URL: http://arxiv.org/abs/2004.02326v3
Date: Tue, 17 Aug 2021 14:31:33 GMT
Title: XtracTree: a Simple and Effective Method for Regulator Validation of Bagging Methods Used in Retail Banking
Authors: Jeremy Charlier and Vladimir Makarenkov
Abstract summary: We propose XtracTree, an algorithm capable of efficiently converting an ML bagging classifier, such as a random forest, into simple "if-then" rules. Our experiments demonstrate that using XtracTree, one can convert an ML model into a rule-based algorithm. The proposed approach allowed our banking institution to reduce up to 50% the time of delivery of our AI solutions to the end-user.
Score: 0.0
License: http://arxiv.org/licenses/nonexclusive-distrib/1.0/
Abstract: Bootstrap aggregation, known as bagging, is one of the most popular ensemble methods used in machine learning (ML). An ensemble method is a ML method that combines multiple hypotheses to form a single hypothesis used for prediction. A bagging algorithm combines multiple classifiers modeled on different sub-samples of the same data set to build one large classifier.
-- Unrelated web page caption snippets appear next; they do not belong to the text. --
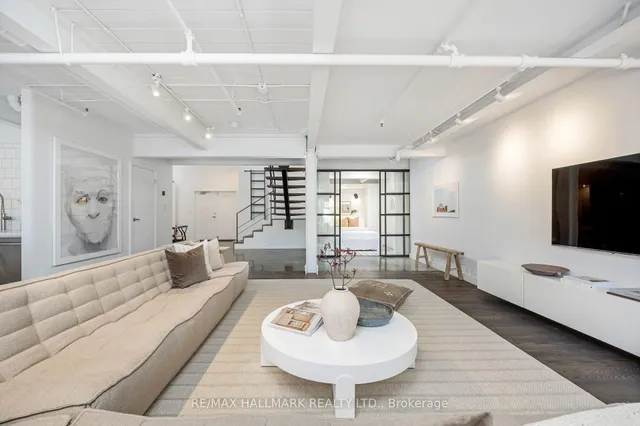 Additional image 8 of 326 Carlaw Ave Unit 102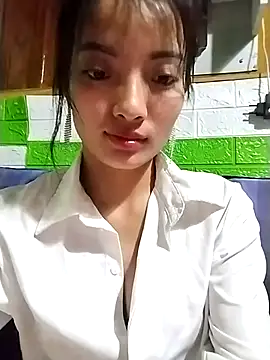 tdtd98 online show from December 22, 2025, 4:18 pm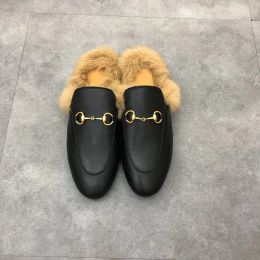 Women Princetown Loafers Warm Wool Slippers Fashion Autumn Winter Slipper Classic Metal Buckle Embroidery Sandals Men Leather Half Pattern Slides 9910ess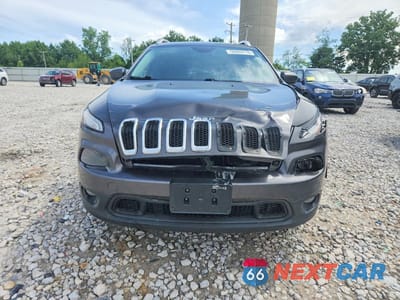 Piąte zdjęcie samochodu w środku: 2014 JEEP CHEROKEE LATITUDE VIN:1C4PJMCS5EW197431 - miniatura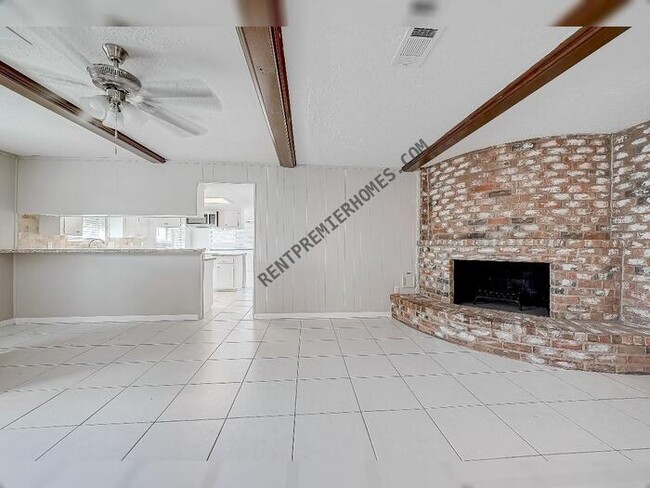 Foto del edificio - 255 Castlegory Rd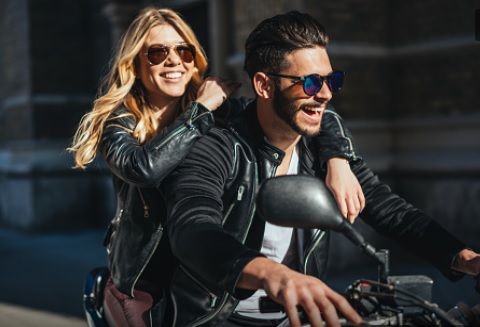 How a Poor Choice of Motorcycle Riding Glasses Increases Your Accident Risk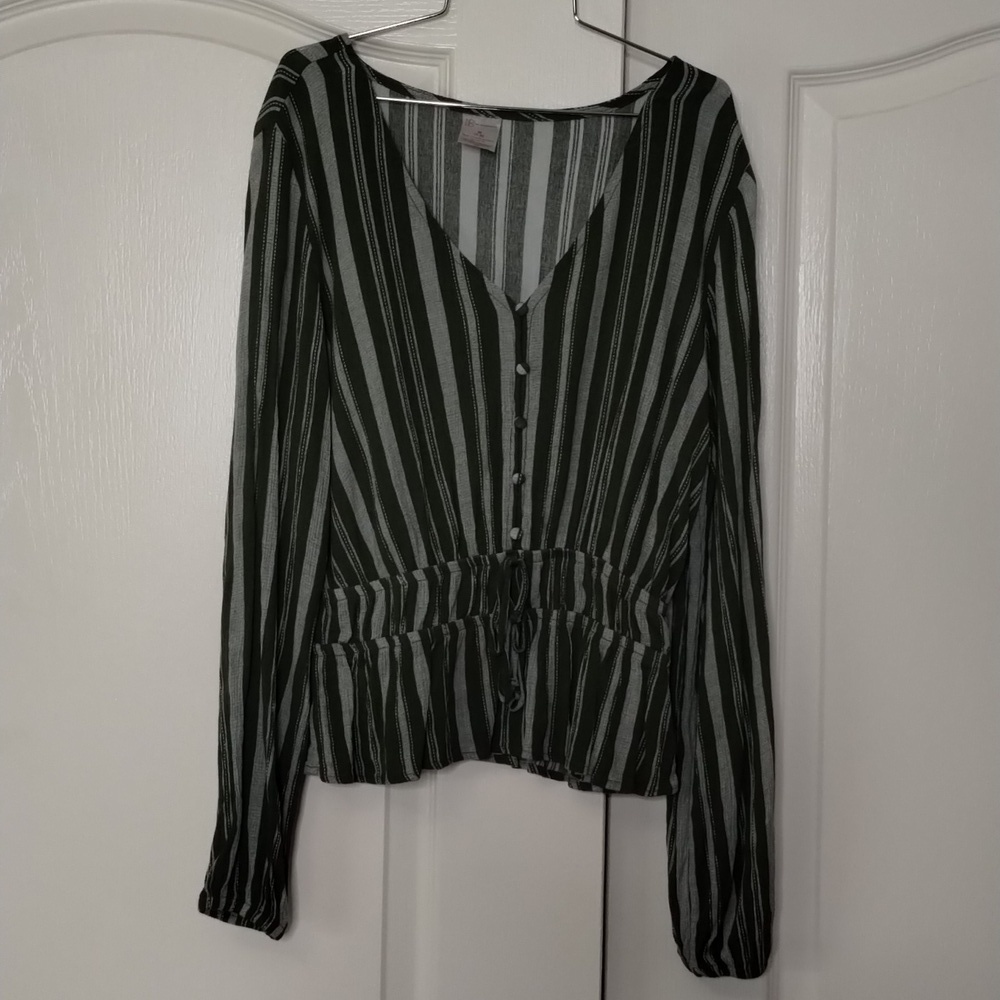 No Boundaries Women's Green Gray Striped Crop Long Sleeve Top 7-9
Banks, and their retail banking activities, are nowadays using the power of ML algorithms, including decision trees and random forests, to optimize their processes. However, banks have to comply with regulators and governance and, hence, delivering effective ML solutions is a challenging task. It starts with the bank's validation and governance department, followed by the deployment of the solution in a production environment up to the external validation of the national financial regulator. Each proposed ML model has to be validated and clear rules for every algorithm-based decision must be justified. In this context, we propose XtracTree, an algorithm capable of efficiently converting an ML bagging classifier, such as a random forest, into simple "if-then" rules satisfying the requirements of model validation. We use a public loan data set from Kaggle to illustrate the usefulness of our approach. Our experiments demonstrate that using XtracTree, one can convert an ML model into a rule-based algorithm, leading to easier model validation by national financial regulators and the bank's validation department. The proposed approach allowed our banking institution to reduce up to 50% the time of delivery of our AI solutions to the end-user.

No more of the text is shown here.